Grantex is built **on top of** OAuth 2.0 — not as a replacement, but as a purpose-built authorization layer for AI agents. This page explains the key differences and when each approach is the right fit.

## Side-by-Side Comparison

| Dimension               | OAuth 2.0                                              | Grantex                                                                                                                  |
| ----------------------- | ------------------------------------------------------ | ------------------------------------------------------------------------------------------------------------------------ |
| **Identity model**      | Human users and client applications                    | Agents, principals (humans), and developers — first-class entities                                                       |
| **Delegation**          | Limited — no standard for sub-delegation               | Agent-to-agent delegation with depth tracking and parent grant chaining (SPEC §9)                                        |
| **Revocation**          | Revoke individual tokens                               | Revoke grants (all tokens under a grant cascade-revoke), plus principal self-service revocation                          |
| **Audit**               | Not built in — requires external logging               | Tamper-evident, hash-chained audit log with compliance exports (SOC 2, HIPAA, GDPR)                                      |
| **Scope model**         | Flat string scopes                                     | Hierarchical scopes with a registry, scope constraints in policies, and time-bound restrictions                          |
| **Agent-to-agent auth** | Not addressed                                          | Sub-agent delegation with `parentAgt`, `parentGrnt`, and `delegationDepth` JWT claims                                    |
| **Compliance**          | Bolted on                                              | Built in — anomaly detection, policy engine, evidence packs                                                              |
| **Local verification**  | Often uses an introspection endpoint for opaque tokens | JWT-based signature and claim verification after obtaining JWKS keys; standalone SDK helpers may fetch keys on each call |

## When to Use OAuth 2.0

OAuth 2.0 is the right choice when:

* You are building **human-facing** login flows (social login, SSO)
* Your application follows the traditional **client → resource server** model
* You need broad ecosystem compatibility with existing OAuth providers (Google, GitHub, Okta)
* Agents are **not** part of your authorization model

Grantex does not replace your identity provider.

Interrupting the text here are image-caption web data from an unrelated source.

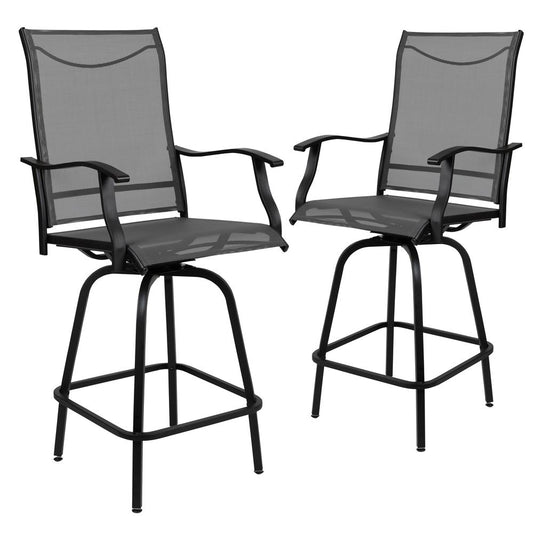 Patio Bar Height Stools Set of 2, All-Weather Textilene Swivel Patio Stools and Deck Chairs with High Back & Armrests in Gray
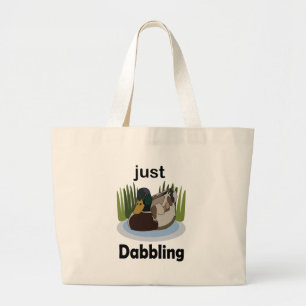 Mallard Duck Just Dabbling Pool Party Large Tote Bag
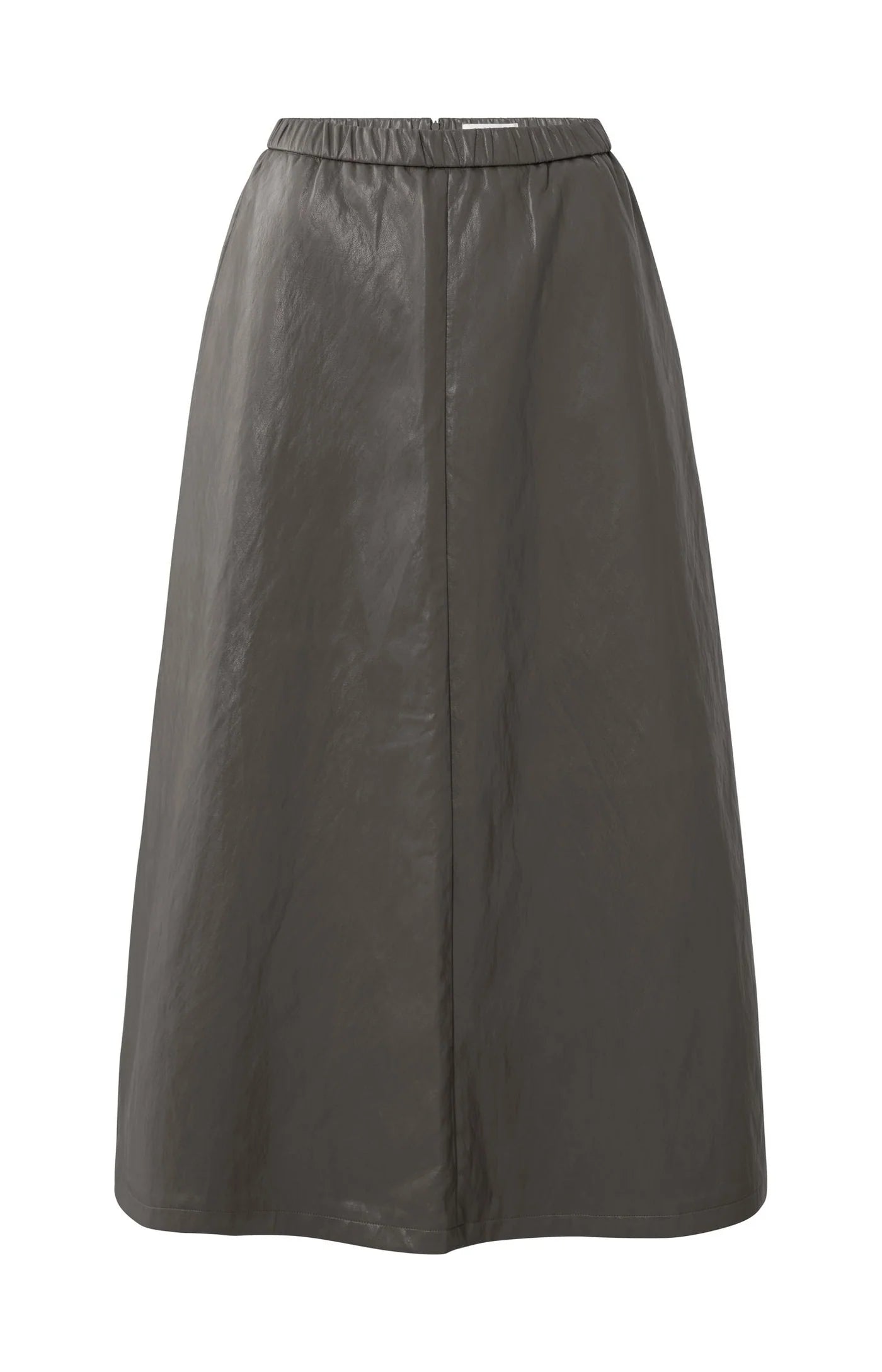 YAYA | Faux Leather A-Line Skirt Dark Taupe Grey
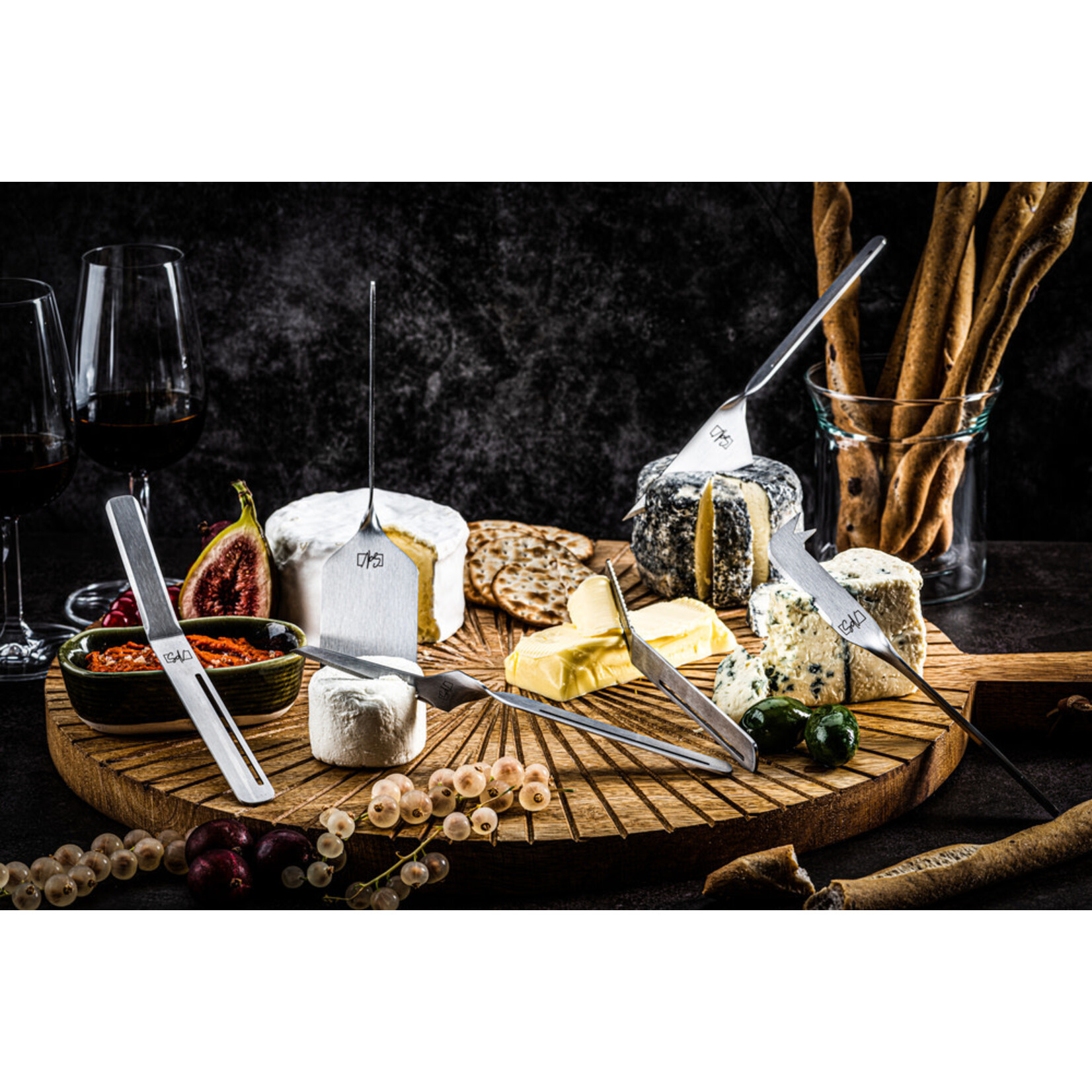 Lagiole Style de Vie 5 kaasmessen en 1 botermes mat rvs Style de Vie set-6 kaas-en botermessen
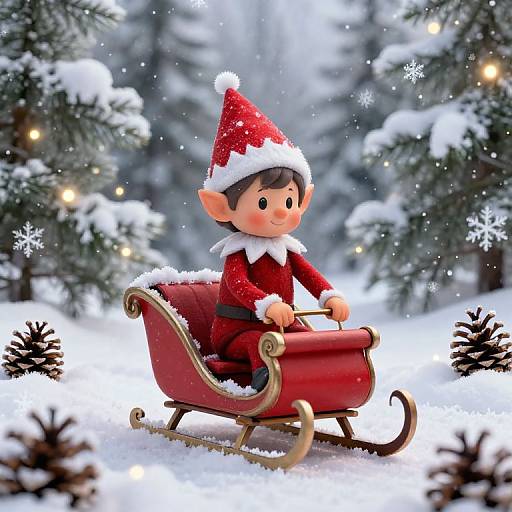 Curious Christmas Elf on Magical Sleigh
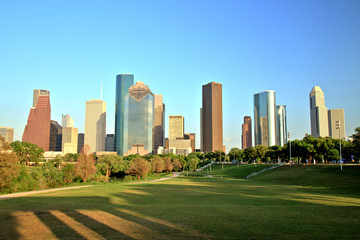 Obraz premium Houston Downtown Skyline at Sunset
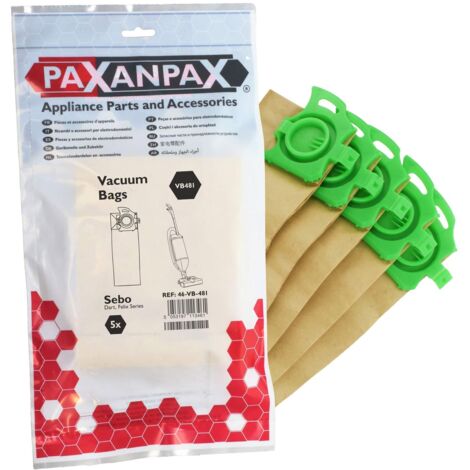 Paxanpax VB481, VB481-Sacchetti di Carta compatibili Sebo Dart & Felix Serie (Confezione da 5) (1/2)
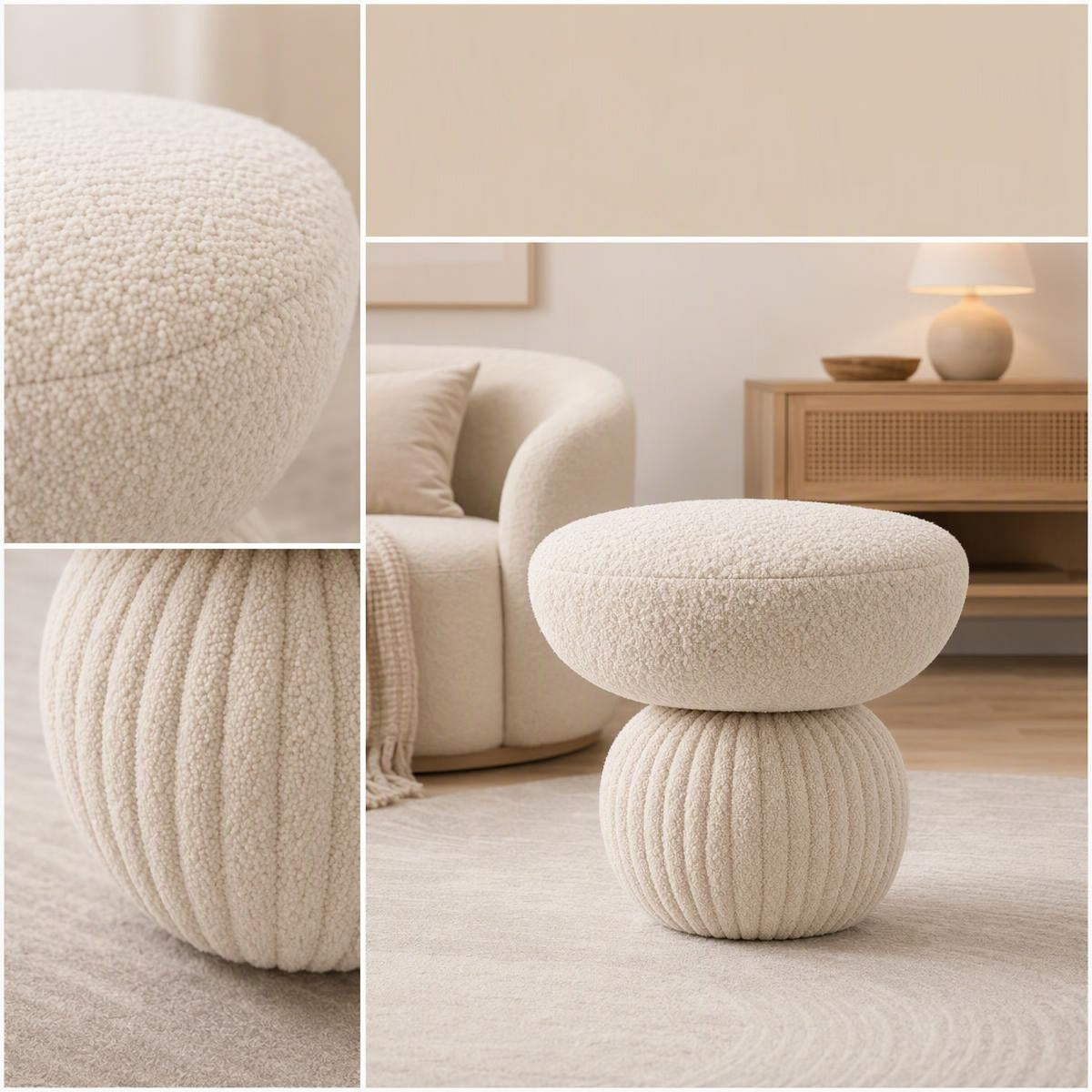 AAF Boucle Mushroom Shape Accent Stool for Living Room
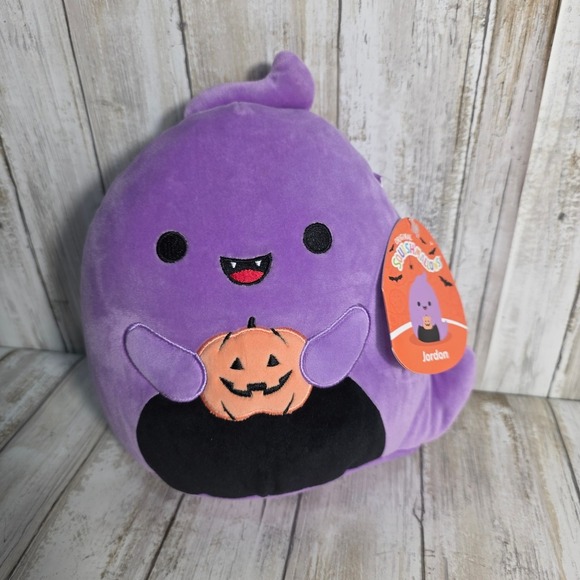 Squishmallows Other - Squishmallows Jordon the Purple Ghost with Pumpkin Halloween Plush 12 inch NWT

Use OAuth 2.0 / OIDC for authenticating humans, and Grantex for authorizing what agents can do on their behalf.

## When to Use Grantex

Grantex is the right choice when:

* **AI agents** act on behalf of users and need verifiable, revocable permissions
* Agents **delegate** to sub-agents and you need to track the delegation chain
* You need a **tamper-evident audit trail** of every action agents take
* **Compliance** requirements (SOC 2, HIPAA, GDPR) demand structured evidence of agent activity
* Users need to **review and revoke** agent permissions through a self-service dashboard
* You want **local signature and claim verification** without hitting a token
  introspection endpoint; JWKS retrieval and caching remain deployment concerns

## Using Both Together

A common architecture is:

1. **OAuth 2.0 / OIDC** handles user authentication (login with Google, Okta, etc.)
2. **Grantex** handles agent authorization (what the agent can do, audit trail, revocation)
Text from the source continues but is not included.